Wong’s a well-known and welcome face around the Chinatown community. When Diana, who wonders aloud about a pastry which she only knows as paw be (actually lao po beng), translating roughly to “honey cake” or “sweetheart cake,” and which she can’t find back home in Arizona, Wong stops in at Tsue Chong and talks with his friend behind the counter about where they might find one. We make some stops at different family-association buildings, where Wong explains the history of family groups and the first arrival of Chinese families to the area.
Before long we’re hunting along Weller Street for a bakery, where Wong finds the lao po beng for Diana. The baker here has them labeled as “Winter Melon Cake.” Diana orders three to take home to her parents, folding the bag securely and carrying them like something precious for the rest of the tour. We take a brisk walk through Uwajimaya, where Wong shows us the famous love-it-or-find-it-absolutely-disgusting durian fruit, followed by a brief stop at the Chinatown Gate. Toeing the blurred borders between the Japanese and Chinese communities, Wong guides us to Higo’s, a store in the Nihonmachi community previously run by one of the few Japanese families to return from internment and reclaim their property.

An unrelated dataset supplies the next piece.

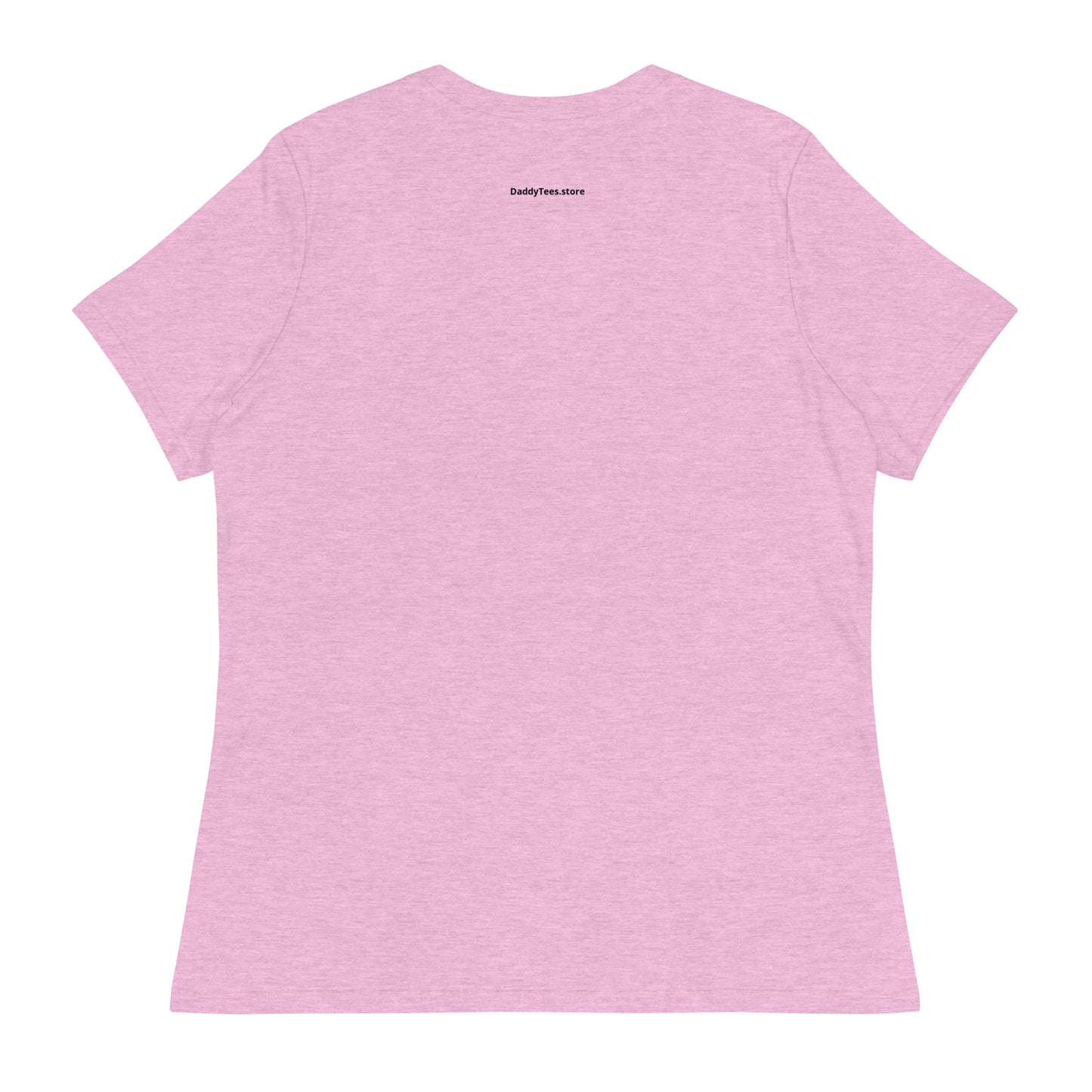 Women's Relaxed T-Shirt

Diana and Judd begin conferring with each other as Wong leads us to Tai Tung, one of the oldest continuously running restaurants in Seattle and a Bruce Lee haunt, according to Wong. A work conference calls the couple away, so Wong and I find ourselves one-on-one over a spread of fried chicken, Napa cabbage soup, broccoli and Bruce Lee’s two favorite dishes: beef with oyster sauce, and black beans and prawns in garlic sauce.